Please note that the working hours for this job would be 5PM to 2AM IST.
Develop and maintain ETL/ELT jobs using AWS Glue and SQL/Python.
Help manage an S3-based data lake, organizing data for efficient querying via Athena and Redshift.
Build, schedule, and monitor data workflows using Apache Airflow (or a similar tool).
Apply Lake Formation policies to secure and govern data access.
Work with Postgres/PostgreSQL for operational and analytical use cases as needed.
Implement SNS/SQS-based notifications and event-driven flows within pipelines.
Collaborate with analytics and ML teams to understand data needs and deliver robust datasets.
Contribute to code reviews, documentation, and ongoing data quality checks.
Qualifications
2+ years of experience as a Data Engineer or in a similar data-focused role.

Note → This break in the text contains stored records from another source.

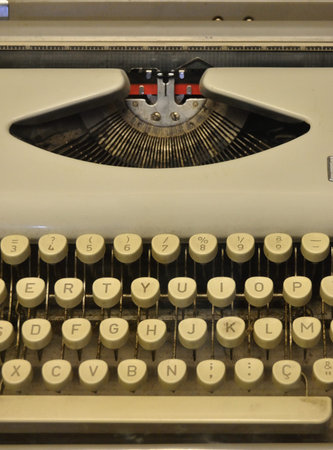Macro photography of a typewriter machine, keyboard and printing hammers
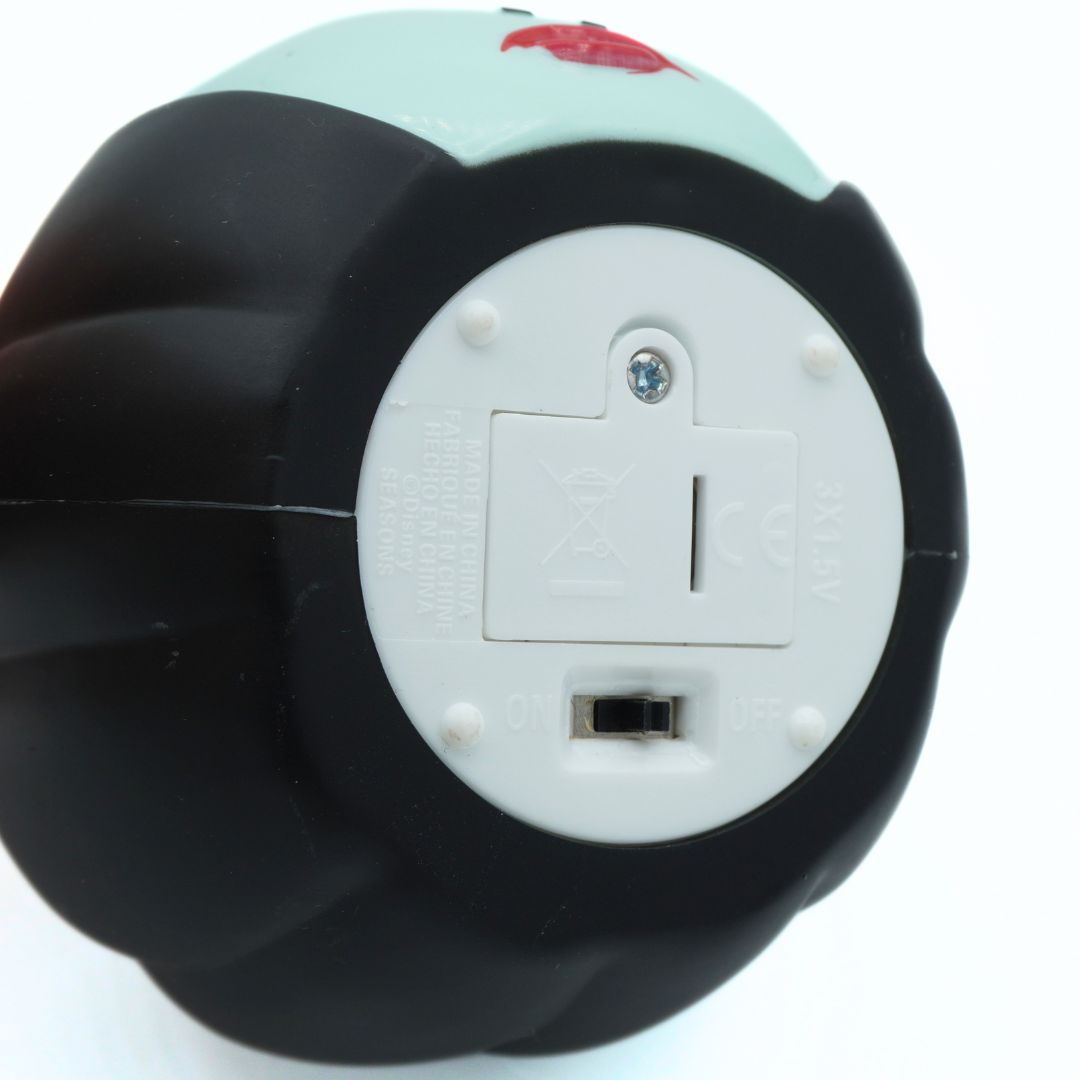 Close-up of the bottom outlet end of a black and mint green rounded product, showing a white circular socket cover with a small switch.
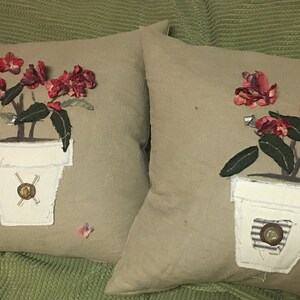 May include: Two beige pillow covers with embroidered floral designs. Each pillow features a white pot with a red flower and green leaves. One pot has a gold button, the other has a striped button.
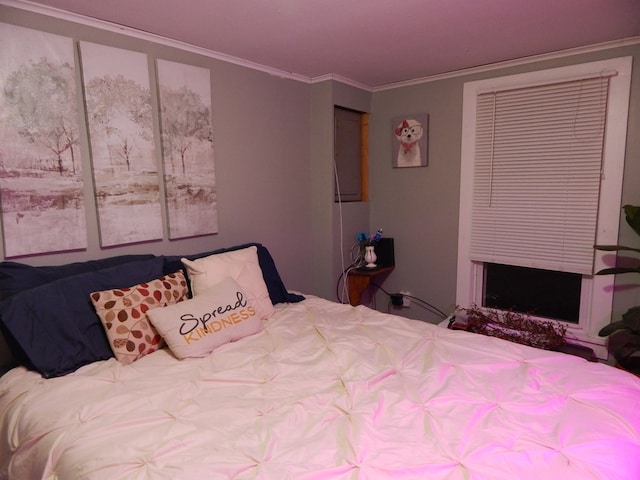 bedroom with ornamental molding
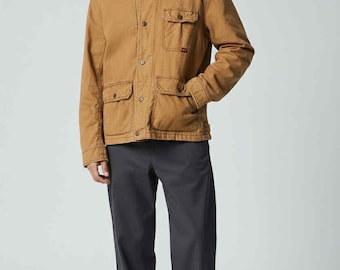 May include: A tan work jacket with four front pockets and button closures. The jacket is paired with dark gray pants and white sneakers. The model is wearing a black t-shirt underneath the jacket.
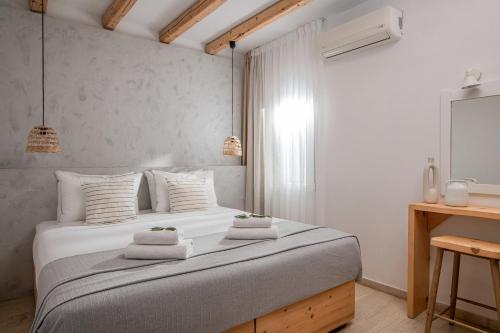a bedroom with a large white bed with towels on it at Elèa Concept Hotel & Suites in Gouves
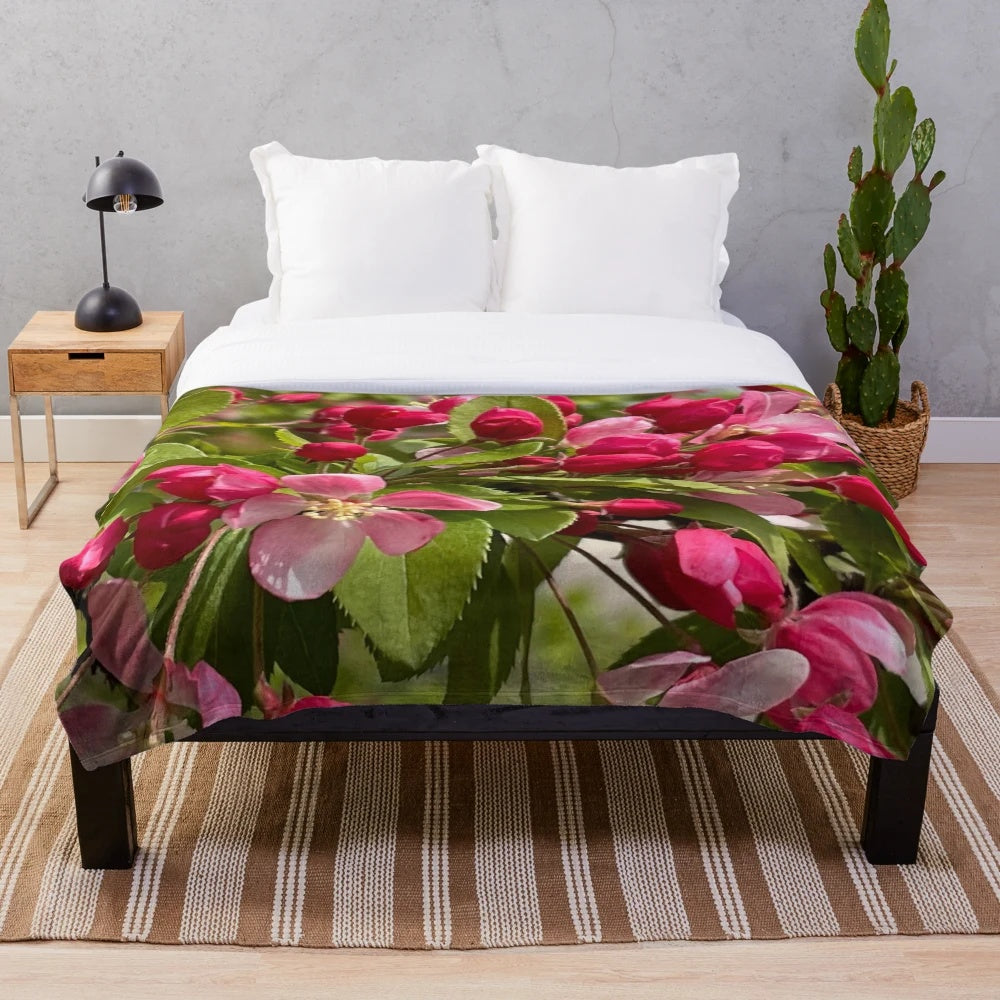 Plush blanket featuring a pink flowering tree design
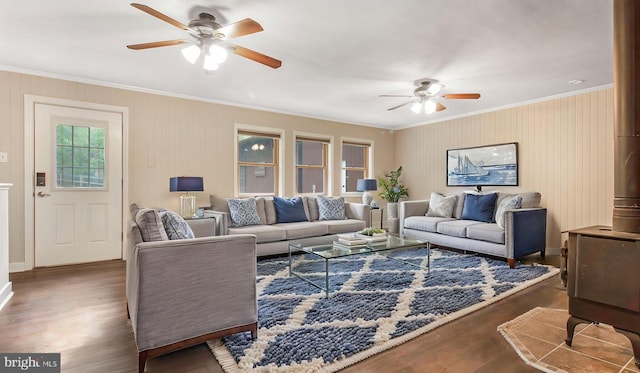 living area with a ceiling fan, crown molding, wood finished floors, and baseboards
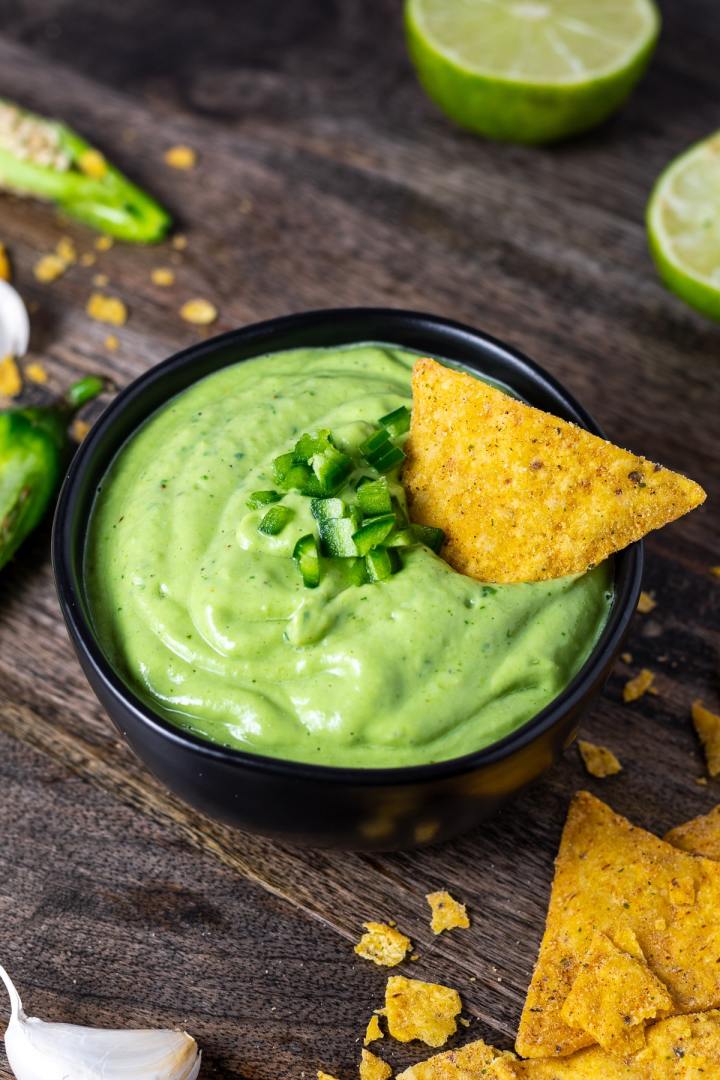tortilla chip dipped in creamy green sauce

Hands-on experience with AWS data tools such as:
S3, Glue, Redshift, Athena, Lake Formation
Experience scheduling and managing pipelines with Airflow (or equivalent orchestration tool).
Solid SQL skills and familiarity with Postgres/PostgreSQL.
Understanding of data modelling, partitioning, and performance optimization.
Comfort working in a fully remote environment with Git-based workflows and CI/CD.
Nice to have:
Experience with data quality frameworks or monitoring tools.
Exposure to BI tools or ML/analytics workflows.